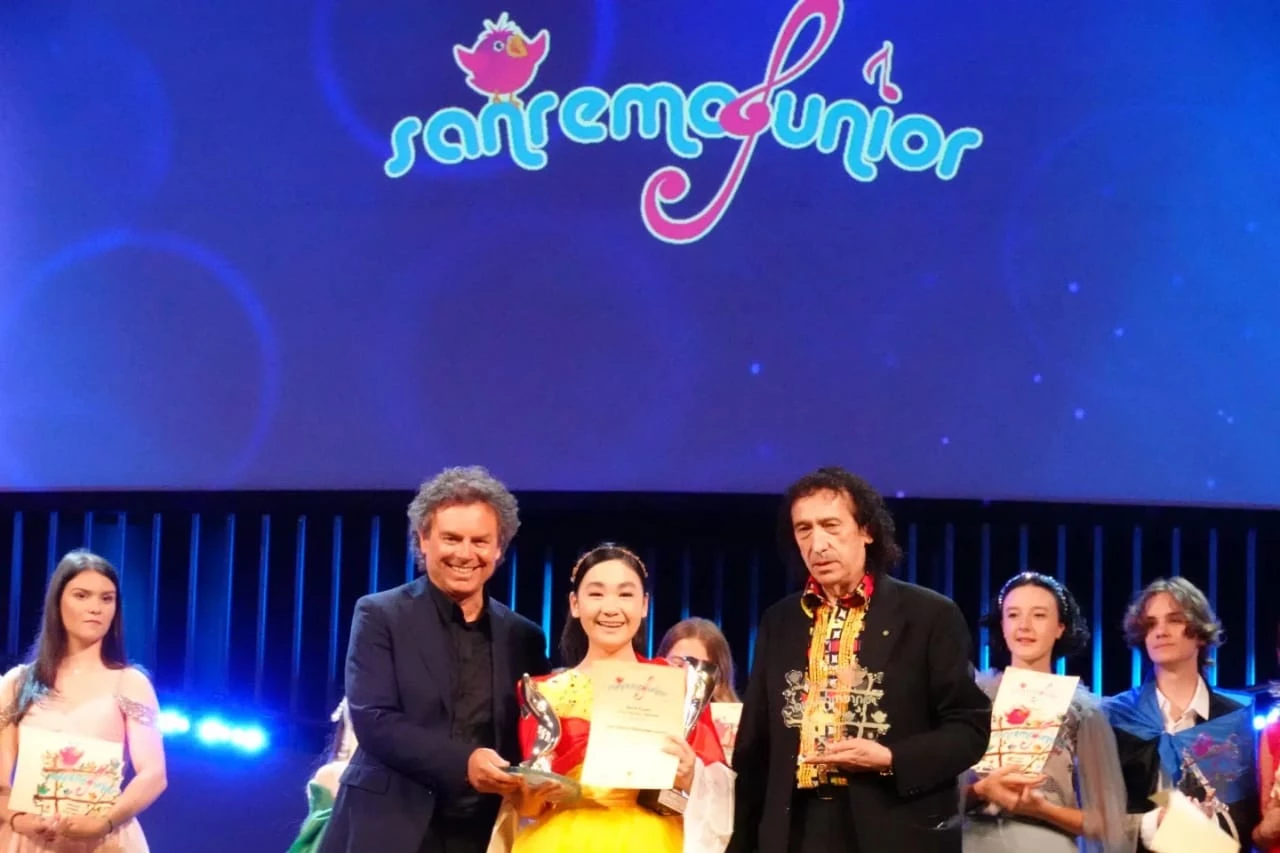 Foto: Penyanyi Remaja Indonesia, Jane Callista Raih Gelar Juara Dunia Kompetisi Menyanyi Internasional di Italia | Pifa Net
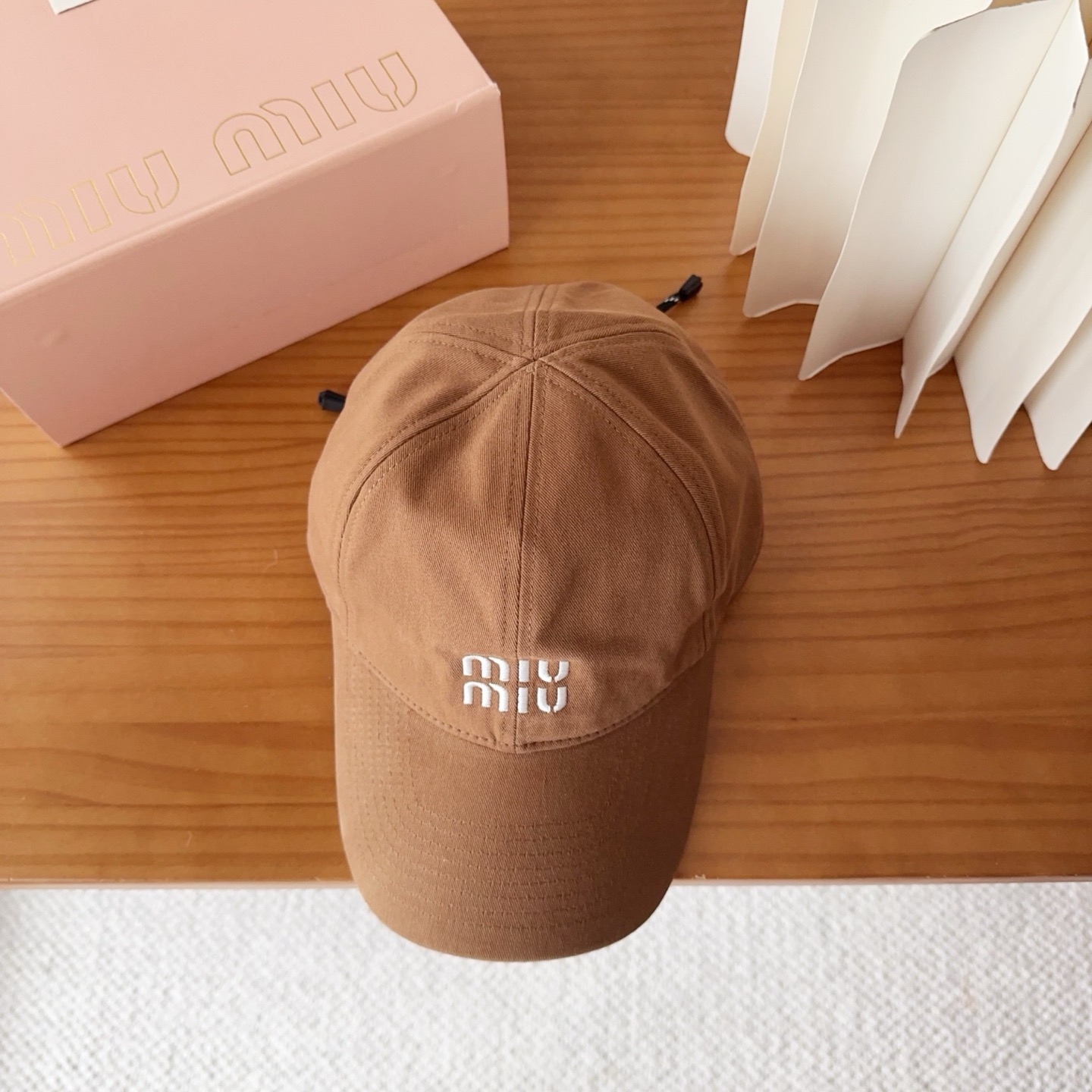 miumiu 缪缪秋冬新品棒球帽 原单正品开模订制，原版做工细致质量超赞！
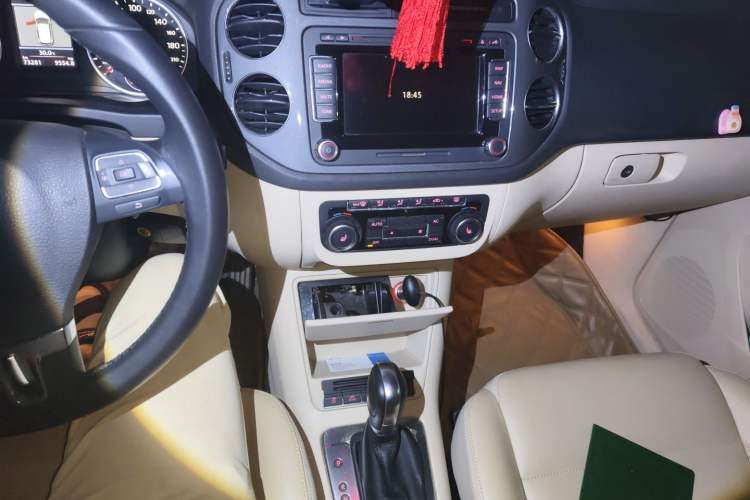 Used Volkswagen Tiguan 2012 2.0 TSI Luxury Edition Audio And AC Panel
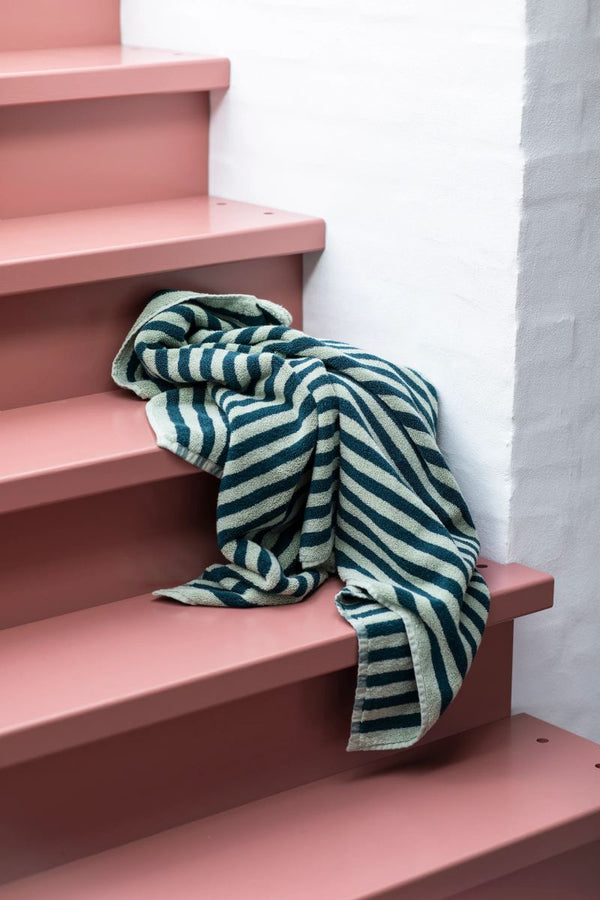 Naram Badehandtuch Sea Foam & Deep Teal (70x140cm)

◆ **TASK DETAILS**: The response should restate the material above word for word and contain no pictures.

◆ **WRITTEN REPLY**:
 Foto: Penyanyi Remaja Indonesia, Jane Callista Raih Gelar Juara Dunia Kompetisi Menyanyi Internasional di Italia | Pifa Net
 miumiu 缪缪秋冬新品棒球帽 原单正品开模订制，原版做工细致质量超赞！
 Used Volkswagen Tiguan 2012 2.0 TSI Luxury Edition Audio And AC Panel
 Naram Badehandtuch Sea Foam & Deep Teal (70x140cm)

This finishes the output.